● PROVIDED RECORDS:
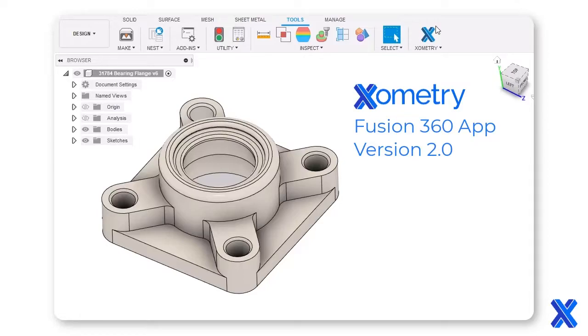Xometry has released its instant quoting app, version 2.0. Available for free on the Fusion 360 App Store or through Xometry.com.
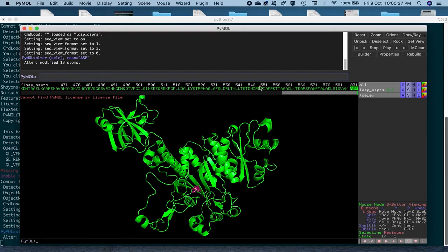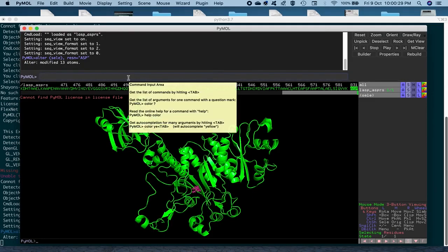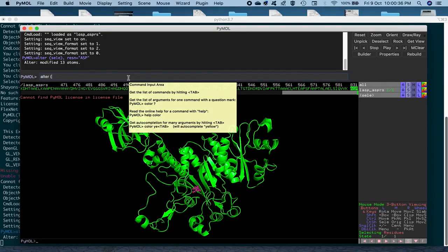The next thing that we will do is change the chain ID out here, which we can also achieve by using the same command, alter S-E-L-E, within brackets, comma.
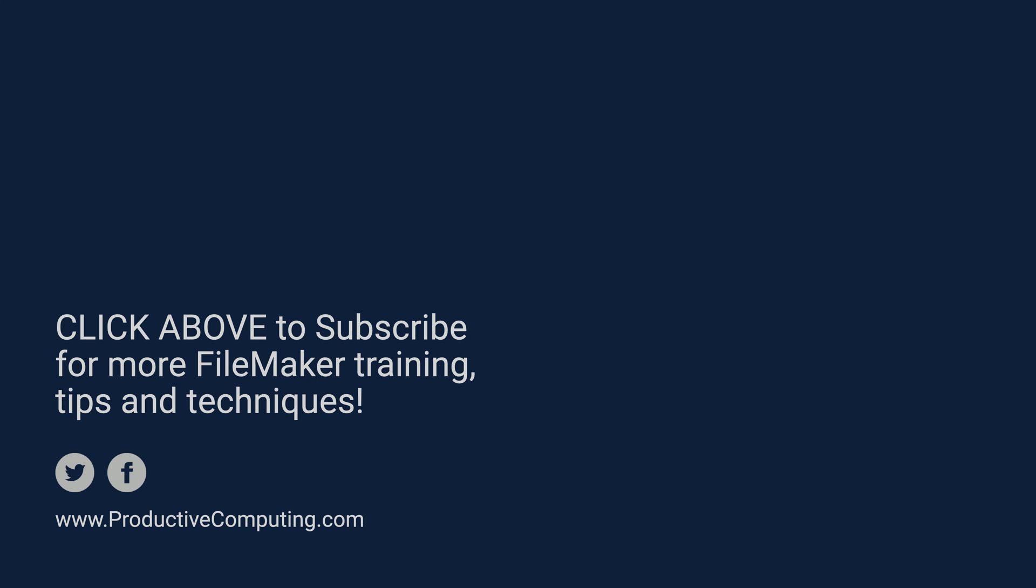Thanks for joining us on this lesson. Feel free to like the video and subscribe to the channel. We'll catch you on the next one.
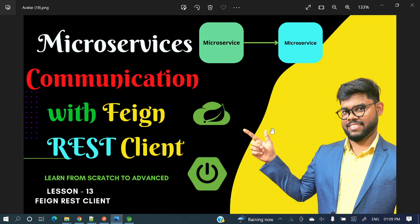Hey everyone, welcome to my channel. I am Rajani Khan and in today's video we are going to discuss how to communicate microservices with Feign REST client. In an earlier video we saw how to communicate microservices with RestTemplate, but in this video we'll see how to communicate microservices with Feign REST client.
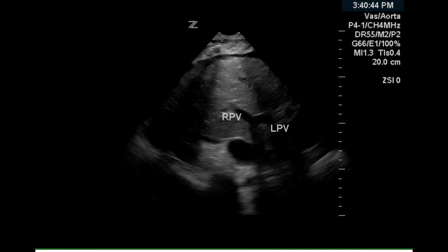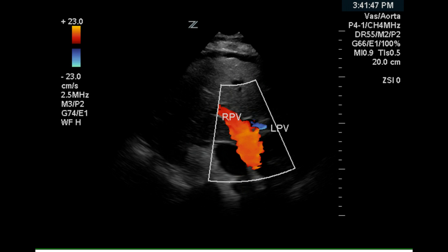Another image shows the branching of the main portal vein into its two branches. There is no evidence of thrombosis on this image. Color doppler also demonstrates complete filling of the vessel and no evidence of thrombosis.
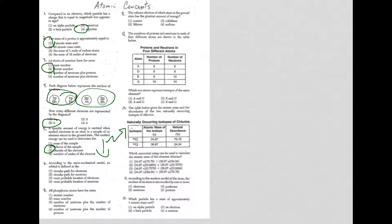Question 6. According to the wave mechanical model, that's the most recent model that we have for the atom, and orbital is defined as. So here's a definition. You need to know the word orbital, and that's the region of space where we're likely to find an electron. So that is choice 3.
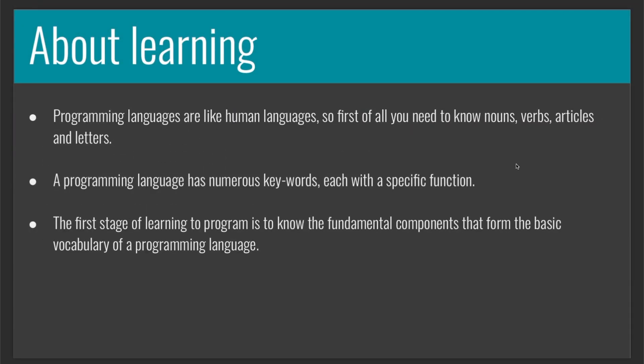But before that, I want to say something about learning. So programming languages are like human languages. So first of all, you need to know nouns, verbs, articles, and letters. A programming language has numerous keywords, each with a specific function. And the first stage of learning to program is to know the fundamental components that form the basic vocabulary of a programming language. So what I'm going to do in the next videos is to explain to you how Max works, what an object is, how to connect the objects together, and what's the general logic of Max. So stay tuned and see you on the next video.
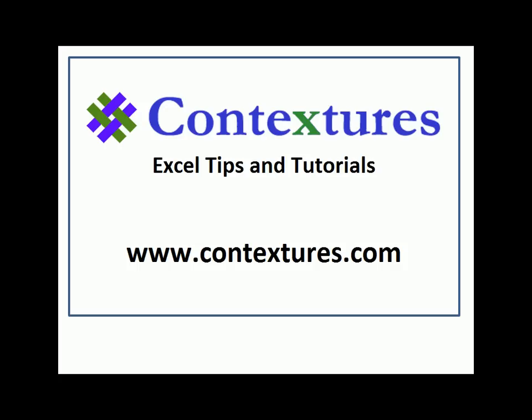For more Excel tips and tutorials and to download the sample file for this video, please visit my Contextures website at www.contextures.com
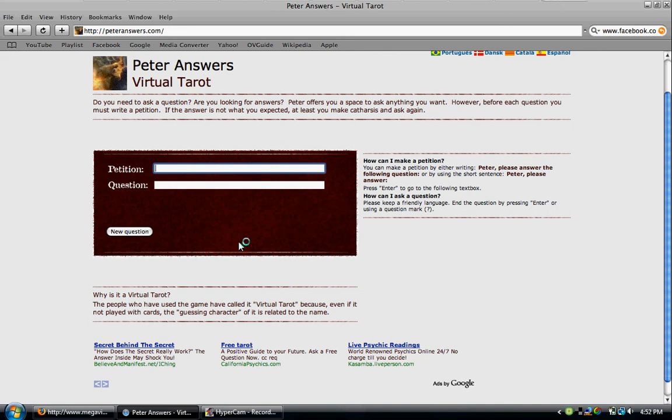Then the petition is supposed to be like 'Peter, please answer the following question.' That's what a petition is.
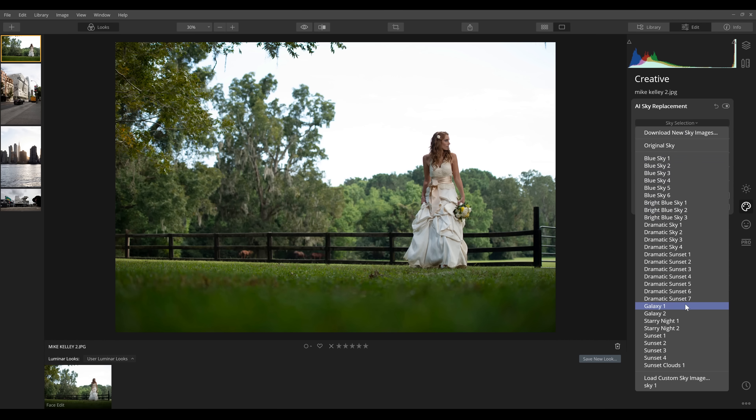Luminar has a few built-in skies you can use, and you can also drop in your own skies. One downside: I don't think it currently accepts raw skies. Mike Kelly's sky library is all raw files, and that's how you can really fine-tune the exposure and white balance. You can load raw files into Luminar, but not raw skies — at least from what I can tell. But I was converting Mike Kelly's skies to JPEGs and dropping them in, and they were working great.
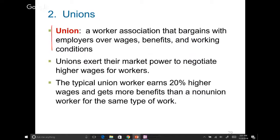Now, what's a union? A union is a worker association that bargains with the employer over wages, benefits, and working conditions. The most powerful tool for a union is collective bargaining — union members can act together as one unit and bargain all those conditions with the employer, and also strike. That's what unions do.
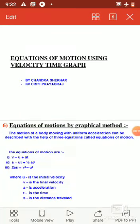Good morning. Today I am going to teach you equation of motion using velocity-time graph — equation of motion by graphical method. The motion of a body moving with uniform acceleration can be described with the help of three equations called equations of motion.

● TASK DESCRIPTION:
Copy the whole of the material above exactly, and exclude every picture.

● RESULT OF THIS TASK:
Xometry has released its instant quoting app, version 2.0. Available for free on the Fusion 360 App Store or through Xometry.com.
The next thing that we will do is change the chain ID out here, which we can also achieve by using the same command, alter S-E-L-E, within brackets, comma.
Thanks for joining us on this lesson. Feel free to like the video and subscribe to the channel. We'll catch you on the next one.
Hey everyone, welcome to my channel. I am Rajani Khan and in today's video we are going to discuss how to communicate microservices with Feign REST client. In an earlier video we saw how to communicate microservices with RestTemplate, but in this video we'll see how to communicate microservices with Feign REST client.
Another image shows the branching of the main portal vein into its two branches. There is no evidence of thrombosis on this image. Color doppler also demonstrates complete filling of the vessel and no evidence of thrombosis.
Question 6. According to the wave mechanical model, that's the most recent model that we have for the atom, and orbital is defined as. So here's a definition. You need to know the word orbital, and that's the region of space where we're likely to find an electron. So that is choice 3.
But before that, I want to say something about learning. So programming languages are like human languages. So first of all, you need to know nouns, verbs, articles, and letters. A programming language has numerous keywords, each with a specific function. And the first stage of learning to program is to know the fundamental components that form the basic vocabulary of a programming language. So what I'm going to do in the next videos is to explain to you how Max works, what an object is, how to connect the objects together, and what's the general logic of Max. So stay tuned and see you on the next video.
For more Excel tips and tutorials and to download the sample file for this video, please visit my Contextures website at www.contextures.com
Then the petition is supposed to be like 'Peter, please answer the following question.' That's what a petition is.
Luminar has a few built-in skies you can use, and you can also drop in your own skies. One downside: I don't think it currently accepts raw skies. Mike Kelly's sky library is all raw files, and that's how you can really fine-tune the exposure and white balance. You can load raw files into Luminar, but not raw skies — at least from what I can tell. But I was converting Mike Kelly's skies to JPEGs and dropping them in, and they were working great.
Now, what's a union? A union is a worker association that bargains with the employer over wages, benefits, and working conditions. The most powerful tool for a union is collective bargaining — union members can act together as one unit and bargain all those conditions with the employer, and also strike. That's what unions do.
Good morning. Today I am going to teach you equation of motion using velocity-time graph — equation of motion by graphical method. The motion of a body moving with uniform acceleration can be described with the help of three equations called equations of motion.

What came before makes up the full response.